Que les riches quittent donc cette puérile crainte d’être moins bien servis, si le pauvre acquiert de l’aisance. L’expérience comme le raisonnement montre, au contraire, que c’est dans les pays les plus riches, les plus généralement riches, qu’on trouve plus facilement à satisfaire ses goûts les plus délicats.

CHAPITRE VI.

De la nature et des effets généraux des Consommations publiques.

Outre les besoins des particuliers et des familles, dont la satisfaction donne lieu aux consommations privées, la réunion des particuliers a, comme société, ses besoins aussi, qui donnent lieu aux consommations publiques : elle achète et consomme le service de l’administrateur qui soigne ses intérêts, du militaire qui la défend contre des agressions étrangères, du juge civil ou criminel qui protége chaque particulier contre les entreprises des autres. Tous ces différens services ont leur utilité ; et s’ils sont multipliés au-delà du besoin, s’ils sont payés au-delà de leur valeur, c’est par suite des vices de l’organisation politique, dont l’examen sort de notre sujet.

Nous verrons plus tard où la société trouve les valeurs dont elle achète, soit le service de ses agens, soit les denrées que réclament ses besoins. Nous ne considérons, dans ce chapitre, que la façon dont s’en opère la consommation et les résultats de cette consommation.
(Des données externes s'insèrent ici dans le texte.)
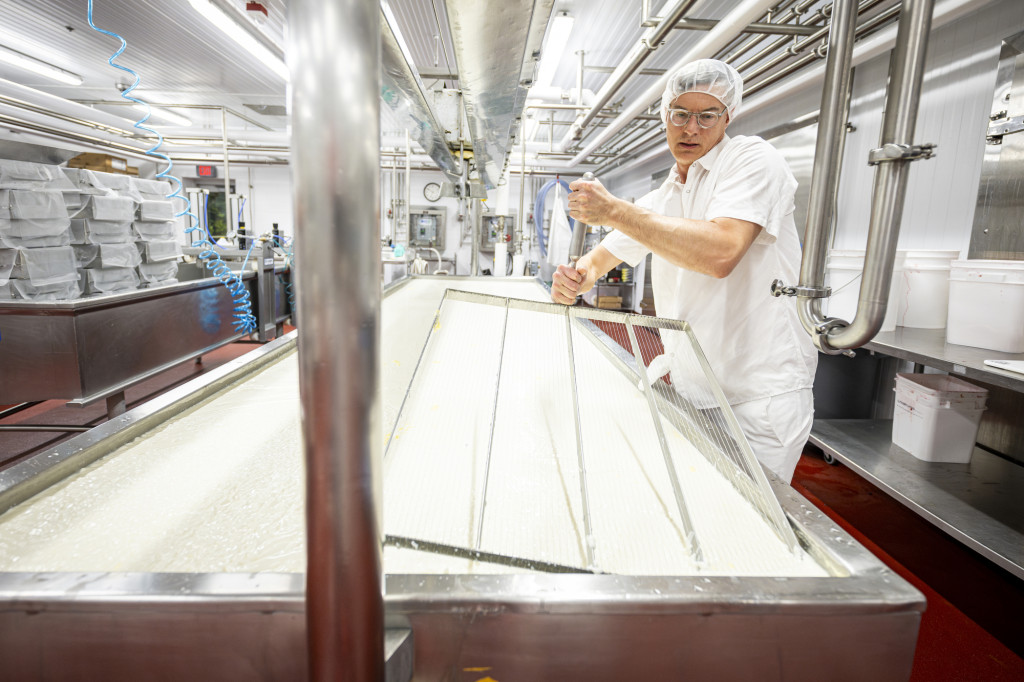 A person passes a big metal instrument through goopy milk mixture.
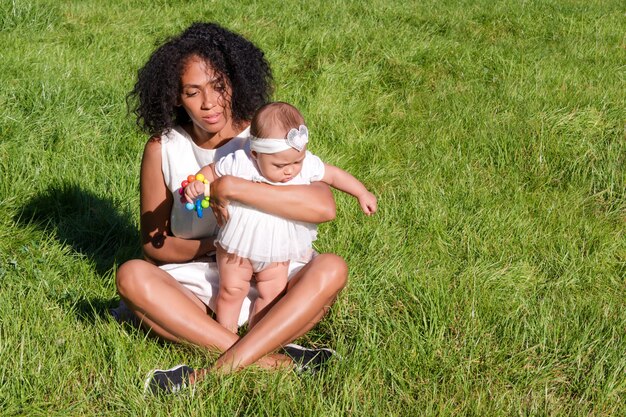 Joven afroamericana y su hija sentada sobre la hierba verde en el parque de verano.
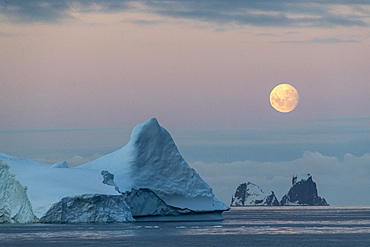 Nearly full moon setting over small islands and icebergs off the Trinity Peninsula, Antarctica, Polar Regions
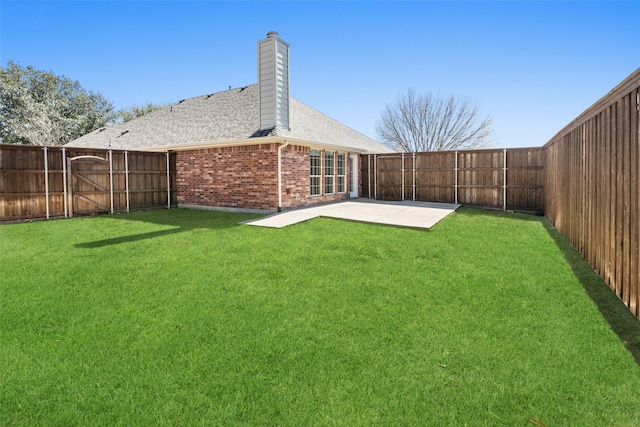 view of yard with a fenced backyard, a gate, and a patio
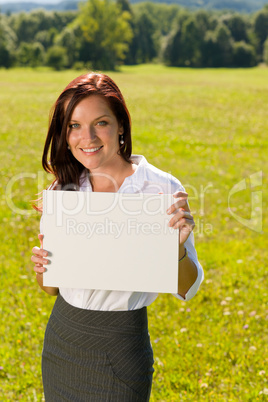 Businesswoman sunny meadow hold empty banner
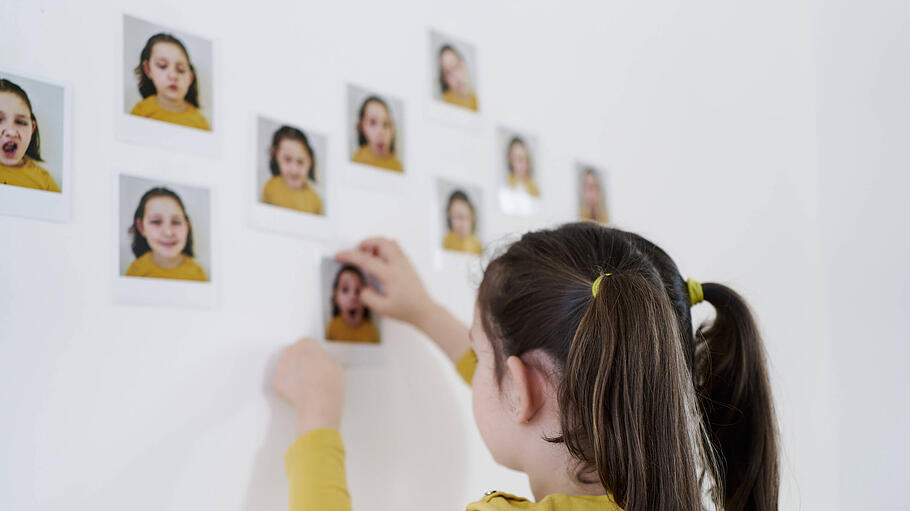 Mädchen klebt Selbstbildnisse an die Wand
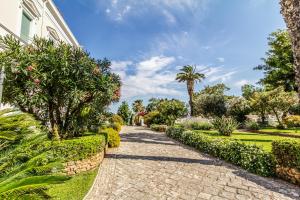 a cobblestone path in a garden with a palm tree at Villa Irlanda Grand Hotel in Gaeta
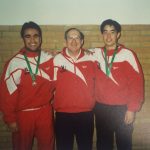An old photo of two atheltes with their coach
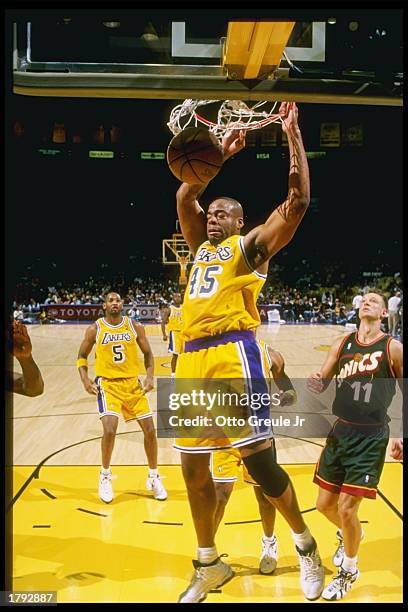 Laken Rooks Sean Rooks of the Los Angeles Lakers dunks the ball past the defense ...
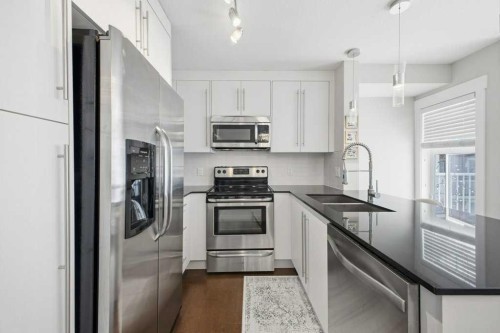 2413-11 Mahogany Row Se, Calgary, AB - Indoor Photo Showing Kitchen With Upgraded Kitchen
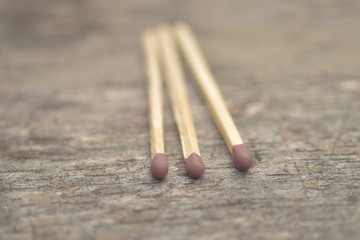 Three match sticks on wooden background 
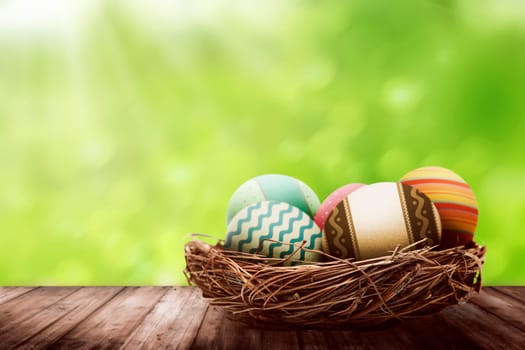 Decorated egg inside the nest. Happy easter concept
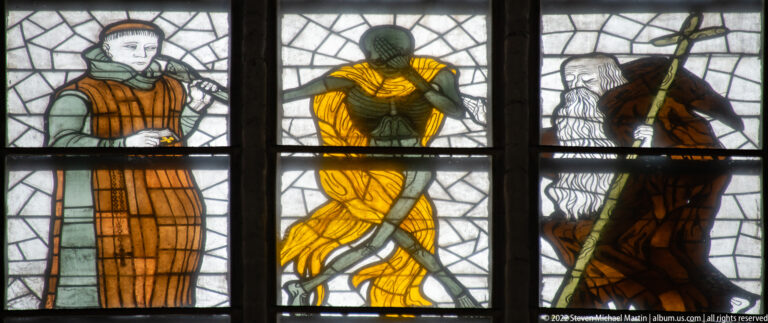 Yellow-clad living figure bending between gaunt Death figures in Alfred Mahlau’s 1956/57 Lübeck Dance of Death window.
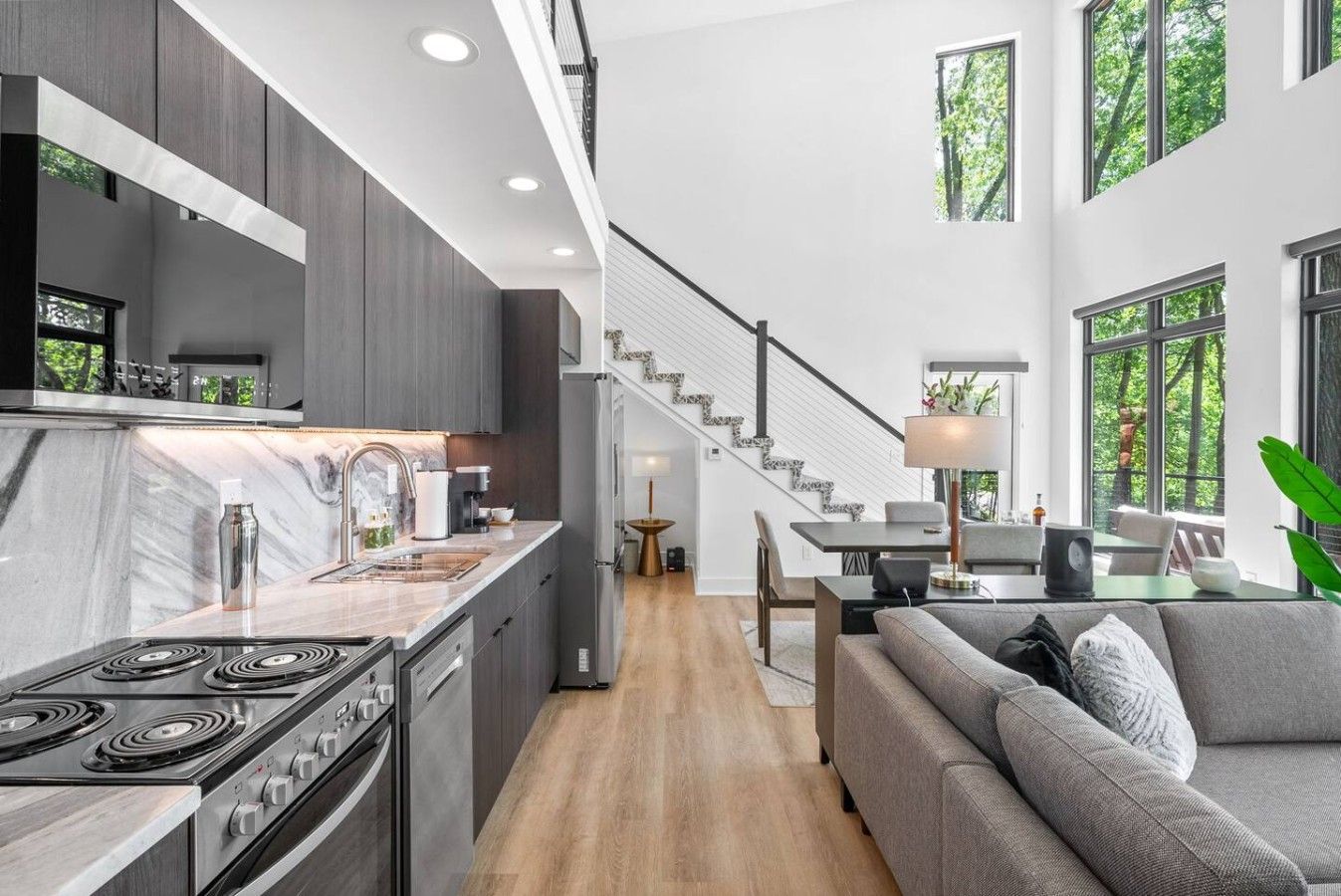 Une cuisine moderne avec un îlot central, un coin repas avec un escalier, et un salon avec un canapé.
Si le commencement de ce troisième livre a été bien entendu, on concevra sans peine que les consommations publiques, celles qui se font pour l’utilité commune, sont précisément de même nature que celles qui s’opèrent pour la satisfaction des individus ou des familles. C’est toujours une destruction de valeurs, une perte de richesses, quand bien même il n’est pas sorti un seul écu de l’enceinte du pays.

Pour nous en convaincre encore mieux, suivons le trajet d’une valeur consommée pour l’utilité publique. Le gouvernement exige d’un contribuable le paiement en argent d’une contribution quelconque. Pour satisfaire le percepteur, ce contribuable échange contre de la monnaie d’argent les produits dont il peut disposer, et remet cette monnaie aux préposés du fisc[1] ; d’autres agens en achè-

  1. Qu’un capitaliste ou un propriétaire dont les revenus consistent dans l’intérêt d’un capital prêté, ou dans un fermage, dise : Je ne vends point de produits pour payer mes contributions ; je reçois mon revenu en argent ; on peut lui répondre que l’entrepreneur qui a fait valoir son capital ou sa terre, en a vendu pour lui les produits. L’effet est le même que si les personnes qui font valoir le capital ou la terre, en avaient payé le loyer en nature, c’est-à-dire, en leurs produits, et que le capitaliste ou le propriétaire eût contribué, soit en remettant au gouvernement une partie de ces produits en nature, soit en les vendant pour lui en remettre la valeur. Voyez liv. II, chap. 5, comment les revenus se distribuent dans la société.